António Miguel Pina, presidente da AMAL, reagiu às novas medidas tomadas pelo governo para aliviar as restrições impostas no consumo de água na região.
O presidente da Comunidade Intermunicipal do Algarve (AMAL), António Miguel Pina, classificou hoje como «equilibrada» a decisão anunciada na quarta-feira pelo governo de aliviar as restrições impostas ao consumo de água no Algarve devido à seca.
Numa reação à decisão anunciada na quarta-feira pelo primeiro-ministro, em Faro, após uma reunião da comissão de acompanhamento da seca, António Miguel Pina disse à Lusa que é importante não tirar o foco da situação de seca e de escassez de água que a região continua a enfrentar, apesar de as últimas chuvas terem melhorado os níveis das reservas do Algarve.
«O importante é que não se tire o foco de que a situação que vivemos continua a ser uma situação muito crítica, não há razão nenhuma para esquecermos que estamos numa situação de escassez.

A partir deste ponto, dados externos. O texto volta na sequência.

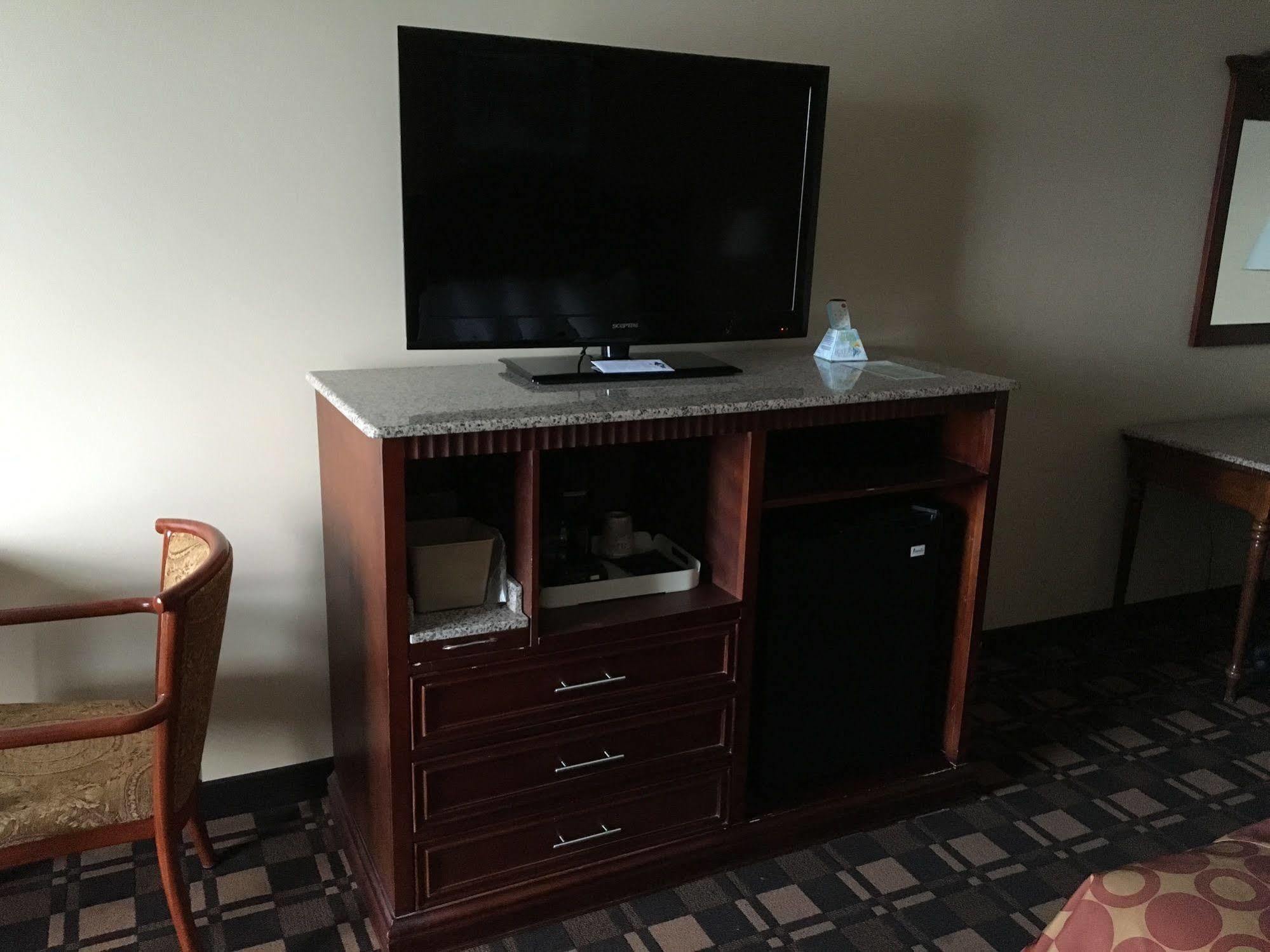 Cabot Inn & Suites Lancaster Extérieur photo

Agora, uma vez que temos a mesma água que tínhamos há um ano, era razoável esta diminuição das restrições», afirmou o também presidente da Câmara Municipal de Olhão.
O autarca frisou ser essa a posição que os 16 municípios do distrito de Faro vinham a defender nas últimas semanas, «uma vez que a situação melhorou ligeiramente», comparativamente ao cenário que motivou a declaração de alerta por seca na região feita pelo anterior governo, em fevereiro, aplicando cortes de 25 por cento à agricultura e 15 por cento ao sector urbano, que inclui o turismo.
O presidente da AMAL considerou que «não era razoável terminar com todas as restrições, porque isso até passaria uma imagem errada para a opinião pública e para os consumidores em geral», mas concordou ser «possível reduzir o fosso a quem tinha sido pedido mais [cortes], nomeadamente a agricultura».
«É preciso nunca esquecer que a lei define, e bem, níveis diferentes de graduação da importância do abastecimento, sendo o abastecimento público o que tem de ser sempre preservado, e por isso também faz sentido haver diferentes tipos de esforço, um bocadinho mais no sector económico, do que aquilo que é no sector urbano. Portanto, a proposta é equilibrada», afirmou.
Questionado sobre a ausência dos municípios algarvios da reunião da comissão da seca, realizada na quarta-feira em Faro, com a presença de Luís Montenegro, António Miguel Pina respondeu que «a casamentos e batizados só se vai convidado».

«O anterior governo, com o anterior ministro [do Ambiente, Duarte Cordeiro], estava mais próximo, mas são formas de governar, e não altera aquilo que é a nossa opinião sobre as medidas», desdramatizou.
Quanto à disponibilização pelo governo de um montante de 103 milhões de euros destinados a investimentos na eficiência hídrica no Algarve, também anunciada na quarta-feira, o presidente da AMAL disse que todos os reforços «são importantes», mas salientou que o reforço «não vai para aquele sector que tem a maior taxa de execução, que são os municípios».
«Aquilo que temos vindo a pedir é um reforço da verba atribuída ao setor urbano para que, no combate às perdas, se vá mais longe do que aquilo que é possível ir», indicou, recordando que há ainda um trabalho a executar pelas autarquias para resolver as perdas nas redes de abastecimento público.
O primeiro-ministro, Luís Montenegro, anunciou na quarta-feira em Faro o alívio das restrições impostas, desde fevereiro, aos consumos de água, atualizando a redução, que passa de 25 por cento para 13 por cento na agricultura e de 15 por cento para 10 por cento no sector urbano e turismo, para fazer face à escassez hídrica na região, num total de 20 hectómetros cúbicos.
Luís Montenegro adiantou que a resolução aprovada em fevereiro pelo anterior governo, que previa cortes de 25 por cento para a agricultura e de 15 por cento para o sector urbano, vai ser revogada e o governo vai preparar outra com as novas metas.
Por outro lado, as organizações ambientalistas consideraram hoje que o governo se precipitou a aliviar as restrições aos consumos de água no Algarve, uma decisão que «não se justifica» e que levanta «preocupações» para os próximos meses.